As of December 27, 2003, the Company had no outstanding purchase
commitments for capital improvements.
The Company reported a loss from operations of approximately $9.2 million
for the first six months of fiscal 2004 and has negative working capital of
approximately $6.5 million at December 27, 2003, primarily due to the
classification of the revolving credit facility as a current liability even
though managed as a long-term liability with a final maturity in fiscal 2007.

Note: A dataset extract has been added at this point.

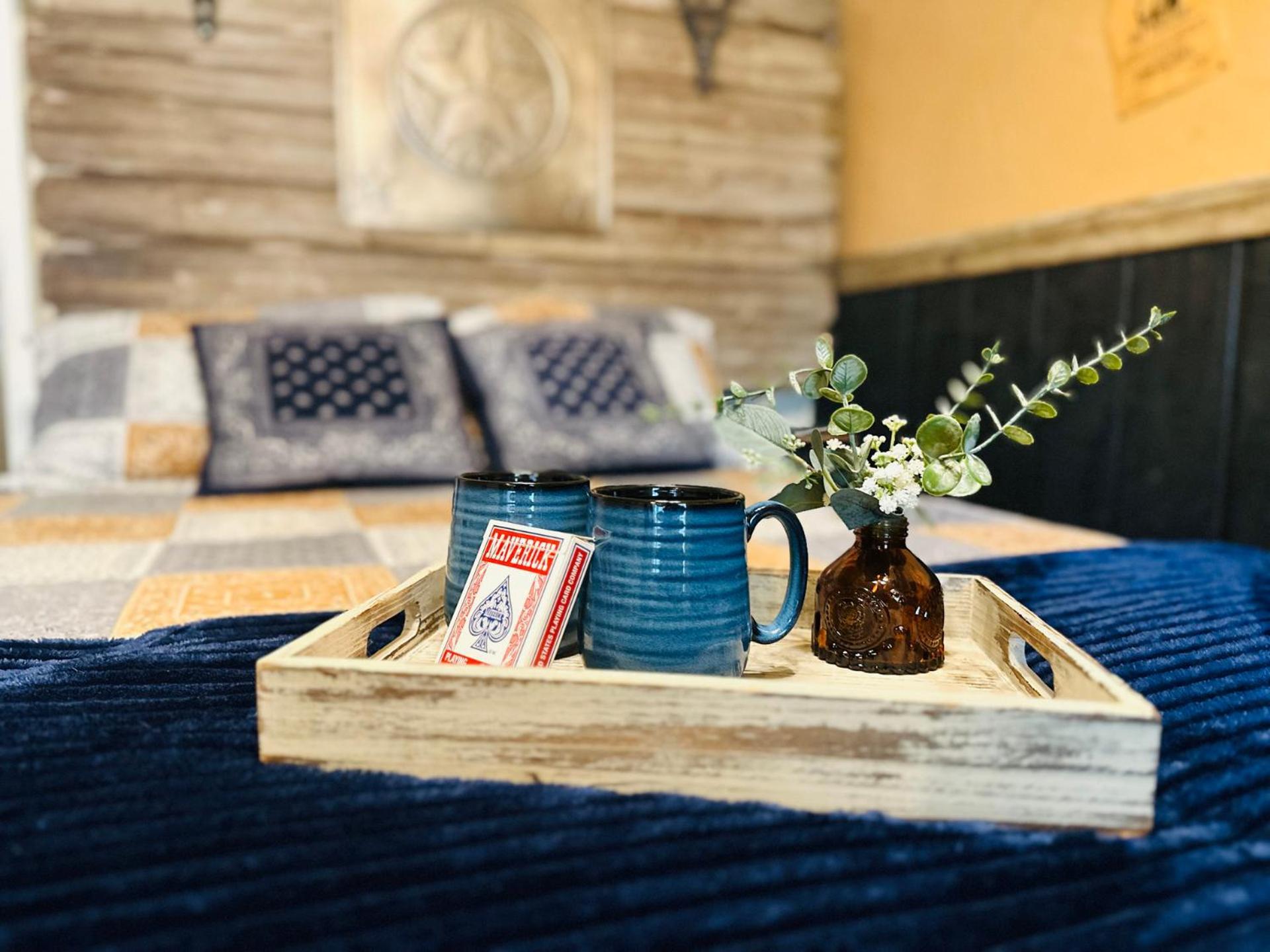 Acorn Hideaways Canton Rustic Old West Frontier Suite エクステリア 写真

In connection with the extensions of the revolving credit and senior
subordinated debt facilities, the Company's Board of Directors authorized the
sale of Series I Convertible Preferred Stock ("Series I Preferred") through a
private placement. The Company was authorized to raise $25.2 million through
sales of its Series I Preferred. The issuance of the Series I Preferred is
subject to shareholder approval and is non-voting unless it is converted into
common stock. In any event, no holder of the Series I Preferred is allowed to
convert to common stock even after shareholder approval if the resulting
conversion results in the holder having, cumulatively, more than 40% of the
voting stock of the Company. The initial conversion price of the Series I
Preferred is $0.15 per common share, and is convertible, upon shareholder
approval, into the Company's common stock. Both the conversion price and the
number of common shares into which the Series I Preferred is convertible are
subject to adjustment in order to prevent dilution. The Series I Preferred was
deemed to have contained a beneficial conversion amounting to $25.2 million
which was recognized as a deemed dividend to preferred shareholders.

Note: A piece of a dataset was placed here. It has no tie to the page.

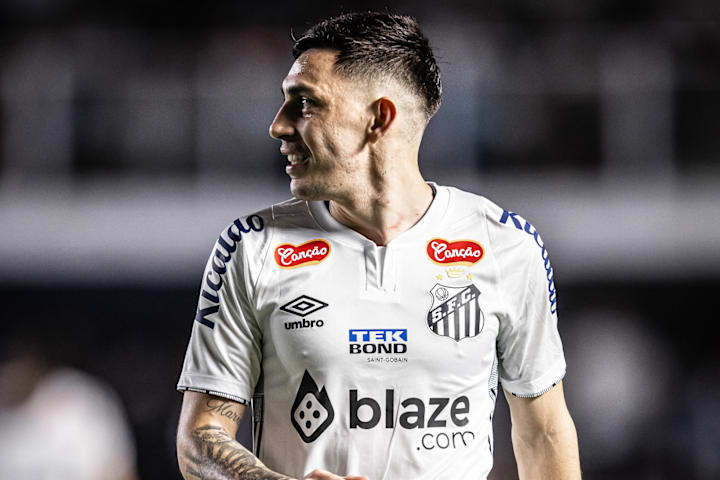 Gonzalo Escobar em Santos x Mirassol na Vila Viva Sorte pela Série B 2024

During fiscal 2004, the Company intends to continue the execution of
activities it previously initiated to further improve the operating performance
of the Company and to meet its fiscal 2004 financial plan. These activities
include, but are not limited to controlling its direct cost delivery expenses
through the implementation of route management technology, while continuing to
leverage the consolidated back office
14
SG&A platform. The Company raised $25.2 million in equity, which is being used
to support the refinancing and extension of its revolving credit and senior
subordinated debt facilities and for general working capital purposes.
In January 2004, the Company's Board of Directors authorized the sale of up
to $7.5 million of Series J Convertible Preferred Stock through a private
placement. Further, the issuance of the Series J Preferred is subject to
shareholder approval and is non-voting unless it is converted into common stock.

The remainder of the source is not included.